An exact reproduction of the data below is expected, free of images.

___ Extracted information

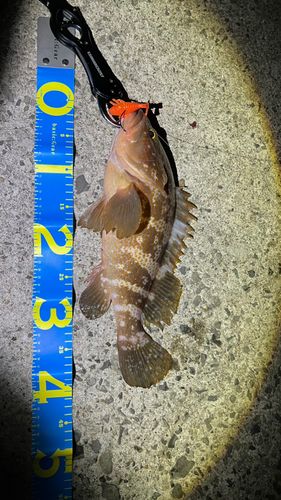 アコウの釣果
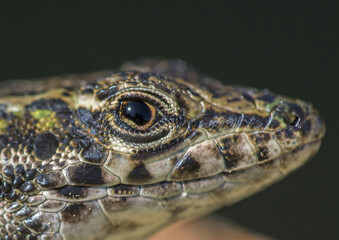 Lucertola tirrenica, primo piano, lizard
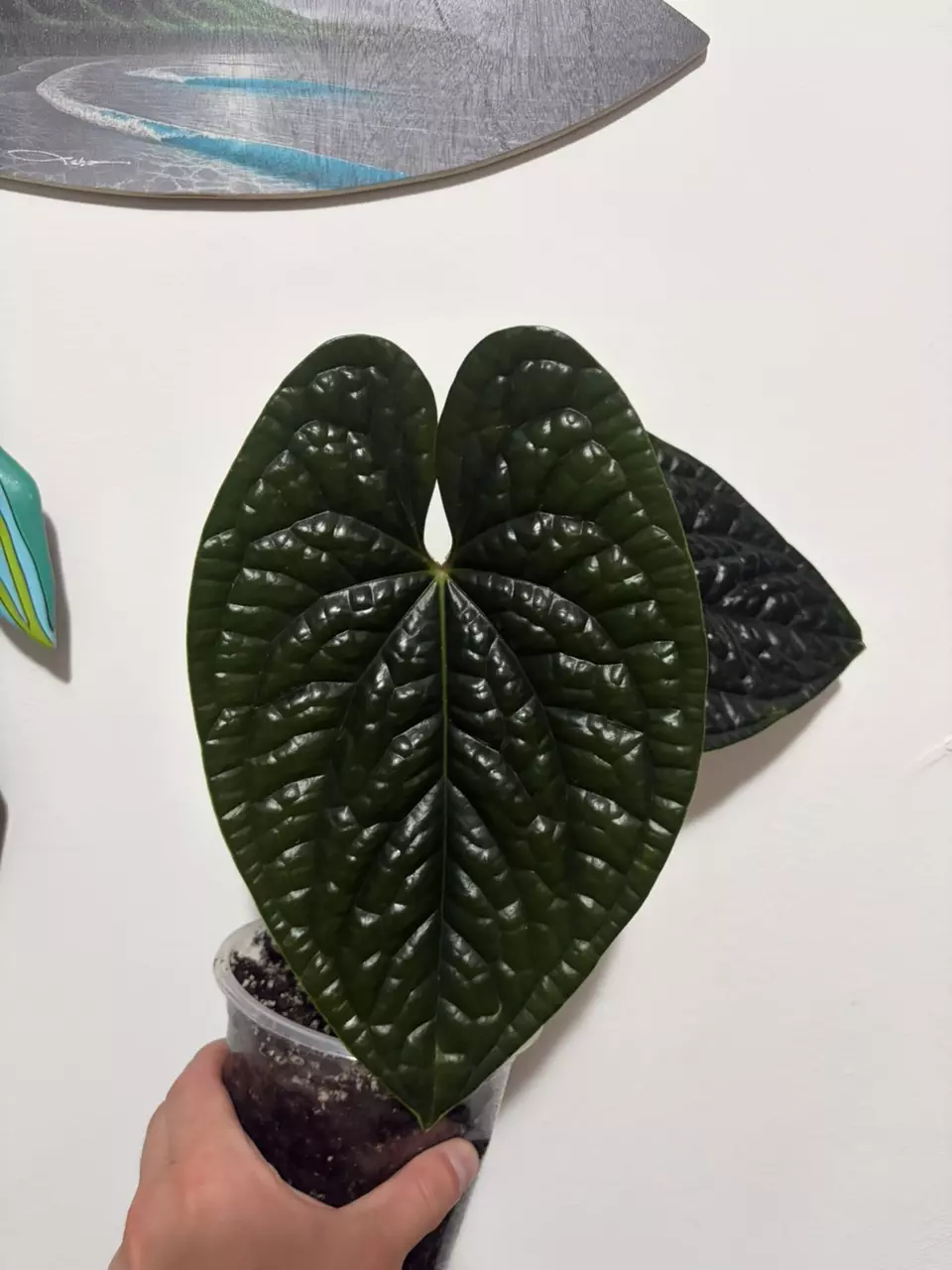 Anthurium Luxurians thumbnail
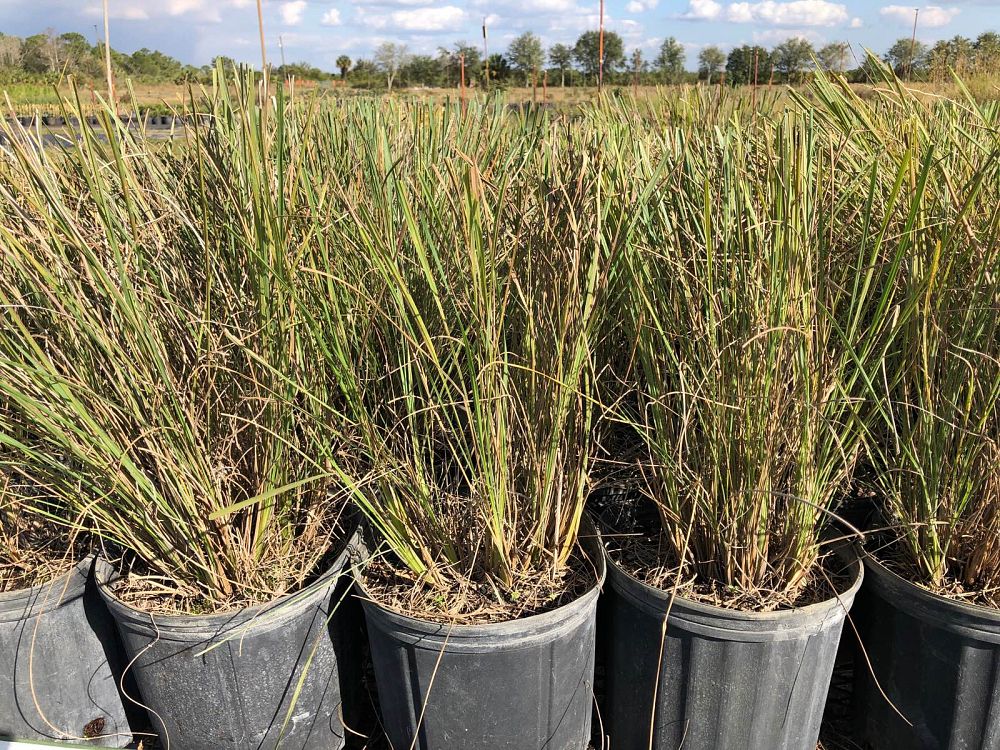 tripsacum-floridana-florida-gama-grass-dwarf-fakahatchee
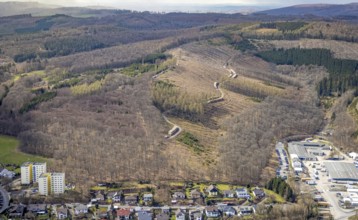 Forest damage and clear-cutting, Salchendorf, Neunkirchen, Siegerland, North Rhine-Westphalia,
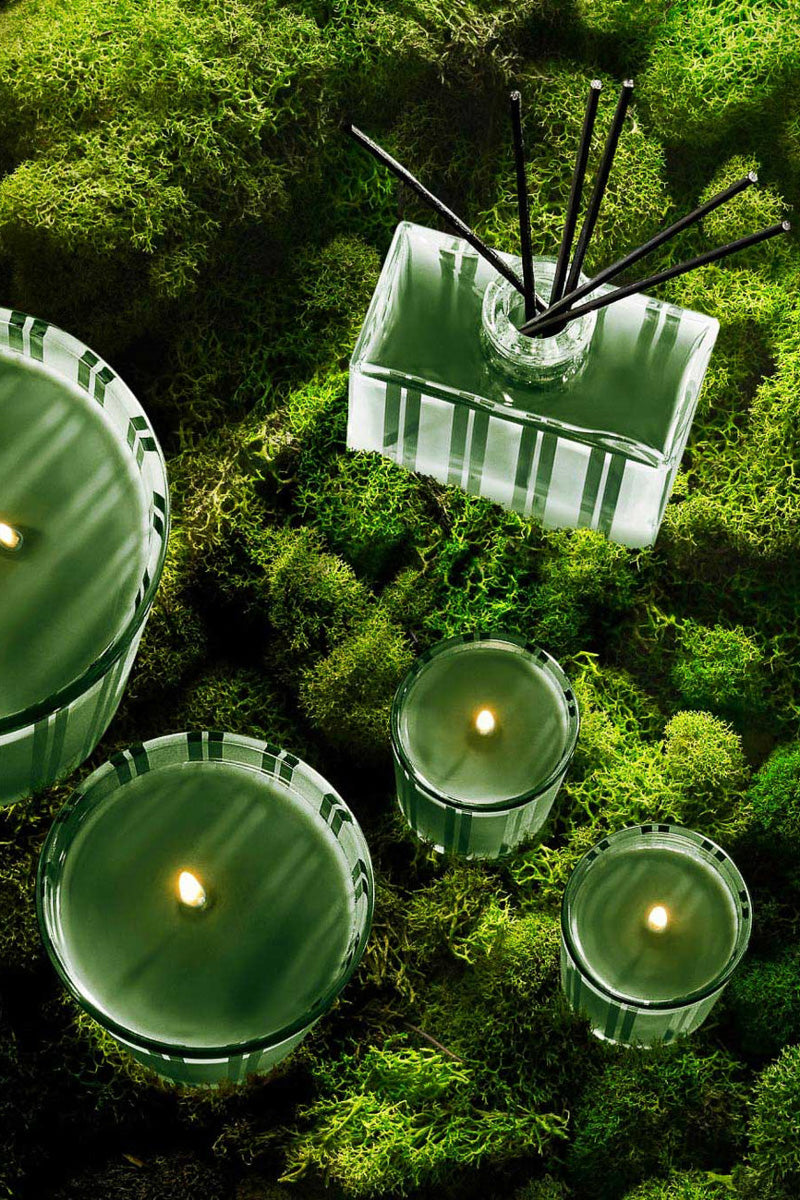 Nest Classic Candle Midnight Moss & Vetiver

______

Expected answer >>
 アコウの釣果
 Lucertola tirrenica, primo piano, lizard
 Anthurium Luxurians thumbnail
 tripsacum-floridana-florida-gama-grass-dwarf-fakahatchee
 Forest damage and clear-cutting, Salchendorf, Neunkirchen, Siegerland, North Rhine-Westphalia,
 Nest Classic Candle Midnight Moss & Vetiver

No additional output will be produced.